D'AUTRES EXPÉRIENCES REQUISES
Un signal a été repéré aux alentours de 126 GeV (giga-électron-volts), ce qui serait compatible avec la force prêtée à un possible boson de Higgs, a expliqué Fabiola Gianotti, chargée de l'expérience Atlas.
"Il est trop tôt" pour tirer des conclusions définitives, a-t-elle cependant tempéré. "D'autres expériences, d'autres données sont encore nécessaires. Les mois qui viennent vont être très excitants. J'ignore quelles seront les conclusions".
Les deux expériences, dont les directeurs ont dévoilé leurs conclusions lors d'un séminaire devant de très nombreux participants, mettent en avant des signaux pouvant sous-entendre la présence de la "particule de Dieu".
"Les deux expériences ont enregistré des signaux qui vont pour l'essentiel dans le même sens", a dit Oliver Buchmüller, physicien de CMS. "Il semble qu'Atlas et nous-mêmes avons établi que les signaux sont au même niveau de masse. C'est manifestement très important."
"Si les premiers indices de présence du boson de Higgs sont confirmés, ce sera tout simplement le commencement de l'aventure pour décrypter les secrets des briques fondamentales de l'univers", a déclaré Stephen Haywood, chef du groupe Atlas au laboratoire STFC Rutherford Appleton.
PAS D'EXPLICATION SPIRITUELLE AU COSMOS
"Nous nous rapprochons du boson de Higgs", a estimé pour sa part Claire Shepherd-Themistocleus, directrice du groupe CMS au laboratoire STFC Rutherford Appleton.
"Nous disposons aujourd'hui d'indices sur ce que pourrait être sa masse, et l'excitation des scientifiques est perceptible", a-t-elle dit. "Que nous puissions finalement confirmer son existence ou que nous devions exclure totalement l'existence d'un boson de Higgs de faible masse, nous sommes à l'aube d'un grand changement dans notre compréhension de la nature fondamentale de la matière", a-t-elle ajouté.

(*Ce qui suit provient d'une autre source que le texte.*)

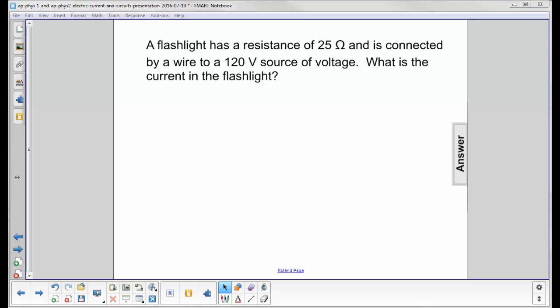A flashlight has a resistance of 25 ohms and is connected by a wire to a 120 volt source of voltage. What is the current in the flashlight?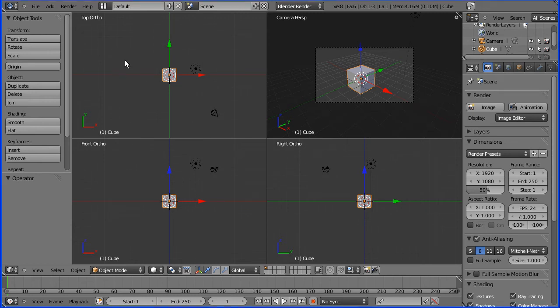Hi, this is my second Python scripting tutorial. In this tutorial I'm going to show you how to make a very simple 3D model using a Python script.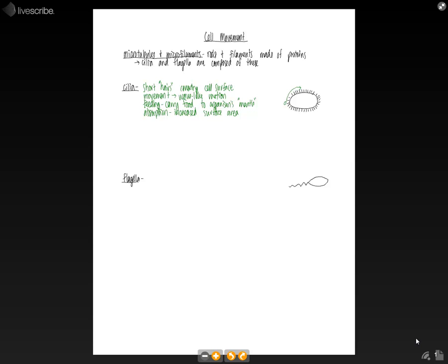And then the flagella is a long projection. And when something has a flagella, it usually only has one or two. Whereas the cilia, there is a lot more than that because they're covering the entire cell's surface.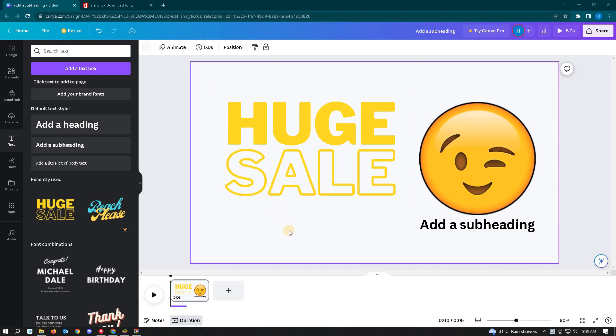In this video, I'm going to show you how to change background color on Canva. So this is going to be a very easy one. Let's start our tutorial.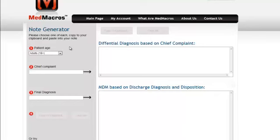Welcome to the MedMacros How Does It Work page. MedMacros is a simple system for dramatically reducing your documentation time in essentially any electronic medical record used in the emergency department. Upon registration you'll be referred to the note generator page, which is the main page used by emergency physician users of this system.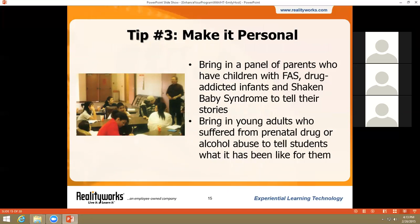Nothing is more impactful than hearing someone's first-hand experience, and this is why our third tip is to make it personal. Many educators have found it vital to seek out local service agencies and invite parents and caregivers of children with FAS, drug-addicted infants, or Shaken Baby Syndrome-affected infants to their classrooms or clinics to tell firsthand what it's like to care for infants with these conditions. One of our customers sadly lost twin boys to Shaken Baby Syndrome. When she combines her own story with our Shaken Baby Simulator, her audience is often moved to tears. Local foster parent programs, support groups, and community and county agencies are a great start to seeking these resources out.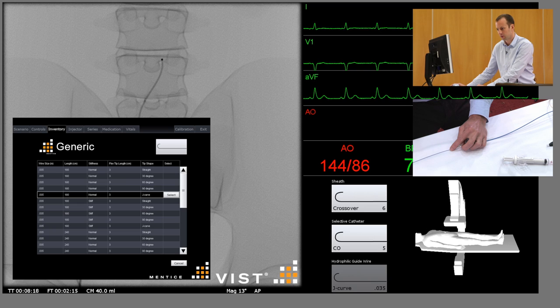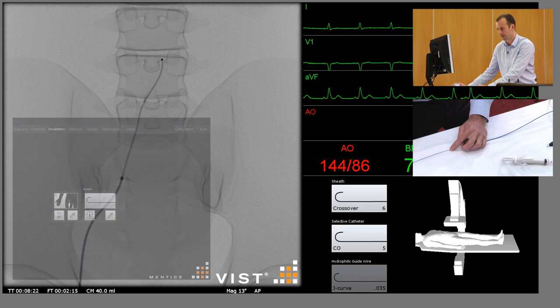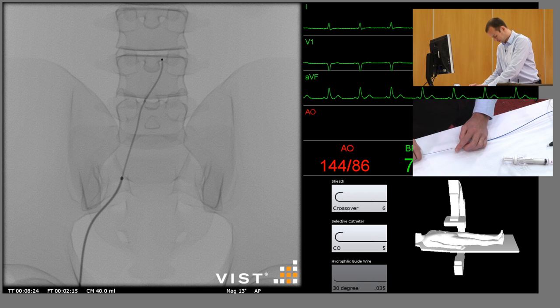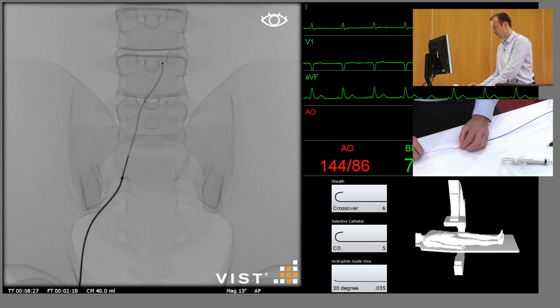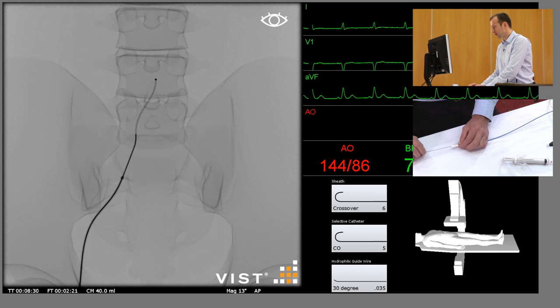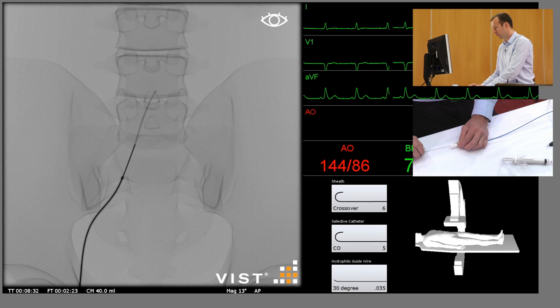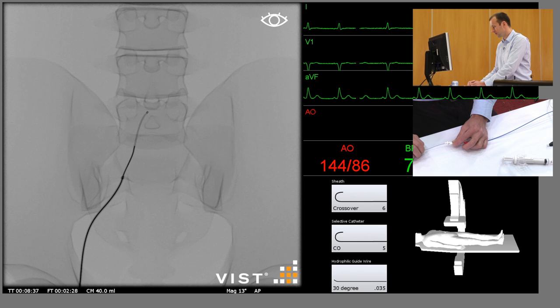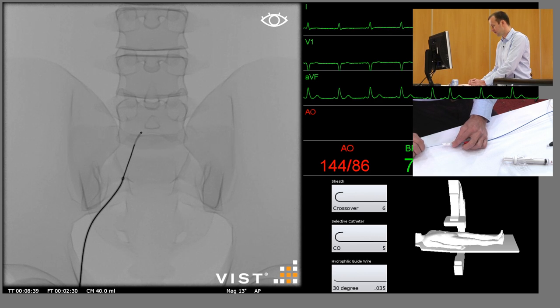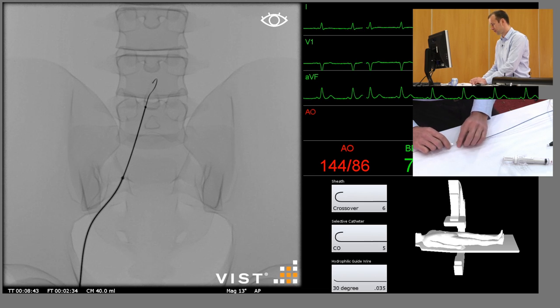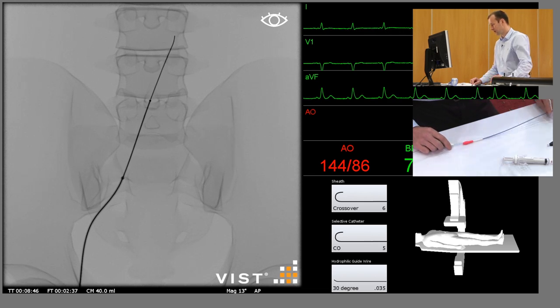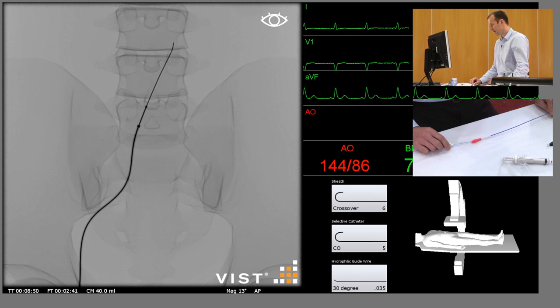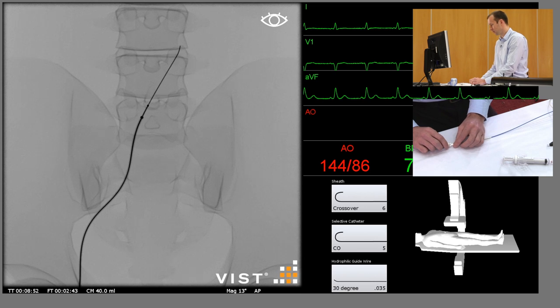So we're just going to use an angled hydrophilic wire. We're going to withdraw the selective catheter down to the level of the aortic bifurcation. At this stage we're going to advance the sheath to give us a little bit more support, and this is a curved crossover sheath as well.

"Mais il nous faudra vraiment d'autres données, dès l'année prochaine, pour être certain de ce que nous avons observé."
Jusqu'à présent, cependant, nul n'a pu prouver l'existence du boson de Higgs. Plusieurs physiciens, dont Robert Brout et François Englert, puis séparément le Britannique Peter Higgs, ont postulé son existence au milieu des années 1960.

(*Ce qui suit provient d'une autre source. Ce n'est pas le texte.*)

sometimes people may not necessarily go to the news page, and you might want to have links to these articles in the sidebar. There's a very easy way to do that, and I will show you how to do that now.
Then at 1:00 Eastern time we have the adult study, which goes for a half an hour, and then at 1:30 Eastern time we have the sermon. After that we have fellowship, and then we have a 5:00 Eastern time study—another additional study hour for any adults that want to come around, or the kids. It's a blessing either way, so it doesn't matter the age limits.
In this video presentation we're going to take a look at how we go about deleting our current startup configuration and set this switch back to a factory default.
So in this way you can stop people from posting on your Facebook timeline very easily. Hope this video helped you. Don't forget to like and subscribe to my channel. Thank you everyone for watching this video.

Les efforts menés depuis le milieu des années 1980 pour découvrir la particule mystérieuse, que ce soit dans le collisionneur américain Tevatron ou dans le prédécesseur du LHC au Cern, le LEP, en fracassant des protons et en provoquant de mini-Big Bangs, ont été vains.

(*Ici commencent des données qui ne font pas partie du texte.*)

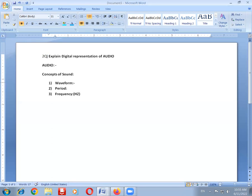Depending on the frequency, sound waves are divided into four types. The first type is infrasound. Infrasound has a frequency range from 0 Hz to 20 Hz.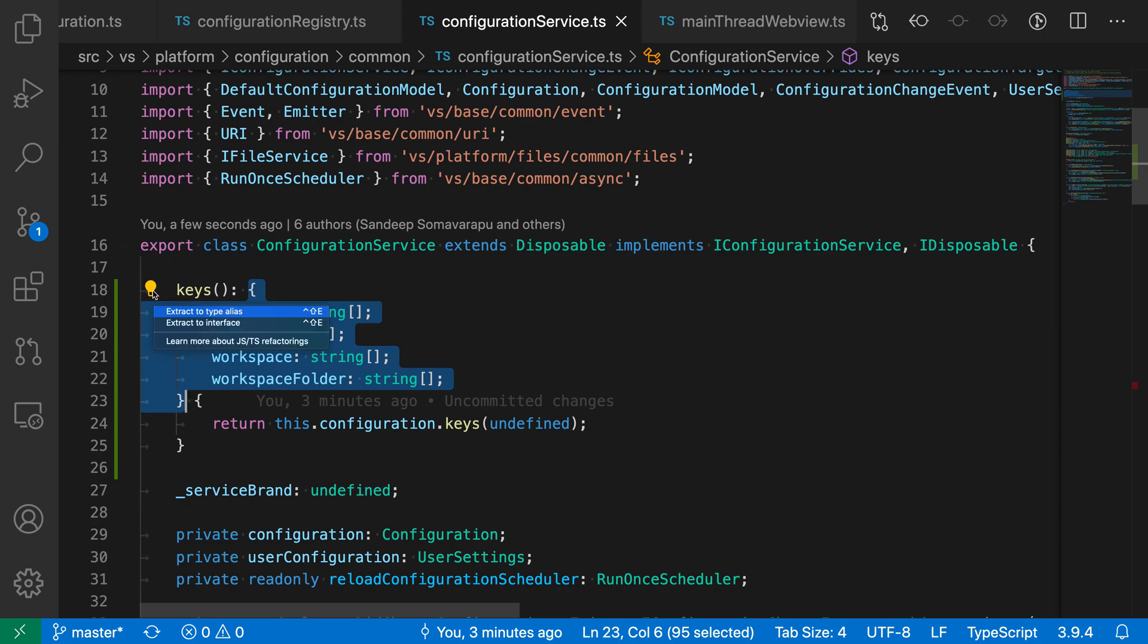So I'm going to click on this light bulb, and here you can see the two refactorings that are available. So I have extract to interface and extract to type alias. Let's just do extract to interface first.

Aujourd'hui âgé de 82 ans, Peter Higgs, candidat au Nobel de physique, rejette toute explication religieuse des origines de la vie et du cosmos.
"D'après moi, il est là parce qu'il est là", a-t-il dit naguère à des journalistes lors d'une visite à Genève, où, dans les années 1960, il avait travaillé pour le Cern.
"Si tant est que l'on puisse prouver scientifiquement qu'il existe bel et bien", ajoutait-il malicieusement.